┌─ Exercise inputs

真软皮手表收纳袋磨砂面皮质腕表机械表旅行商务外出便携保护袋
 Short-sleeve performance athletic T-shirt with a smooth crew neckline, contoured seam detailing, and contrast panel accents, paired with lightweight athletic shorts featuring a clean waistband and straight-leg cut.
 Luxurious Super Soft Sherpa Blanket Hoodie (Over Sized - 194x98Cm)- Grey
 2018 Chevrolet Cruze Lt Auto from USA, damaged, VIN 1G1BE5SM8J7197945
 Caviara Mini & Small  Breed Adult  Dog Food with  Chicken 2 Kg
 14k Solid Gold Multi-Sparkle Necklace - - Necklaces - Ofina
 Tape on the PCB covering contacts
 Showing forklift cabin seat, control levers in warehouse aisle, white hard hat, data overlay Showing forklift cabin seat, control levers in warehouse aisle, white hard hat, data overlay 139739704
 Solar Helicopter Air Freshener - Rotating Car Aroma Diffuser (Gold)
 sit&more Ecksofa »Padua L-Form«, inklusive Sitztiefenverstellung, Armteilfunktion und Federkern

└─

*What is expected*.
Starting with the line that contains "2018 Chevrolet Cruze", write out each line through the end of the listing, exactly as it appears, and include nothing else.

*Final answer*.
 2018 Chevrolet Cruze Lt Auto from USA, damaged, VIN 1G1BE5SM8J7197945
 Caviara Mini & Small  Breed Adult  Dog Food with  Chicken 2 Kg
 14k Solid Gold Multi-Sparkle Necklace - - Necklaces - Ofina
 Tape on the PCB covering contacts
 Showing forklift cabin seat, control levers in warehouse aisle, white hard hat, data overlay Showing forklift cabin seat, control levers in warehouse aisle, white hard hat, data overlay 139739704
 Solar Helicopter Air Freshener - Rotating Car Aroma Diffuser (Gold)
 sit&more Ecksofa »Padua L-Form«, inklusive Sitztiefenverstellung, Armteilfunktion und Federkern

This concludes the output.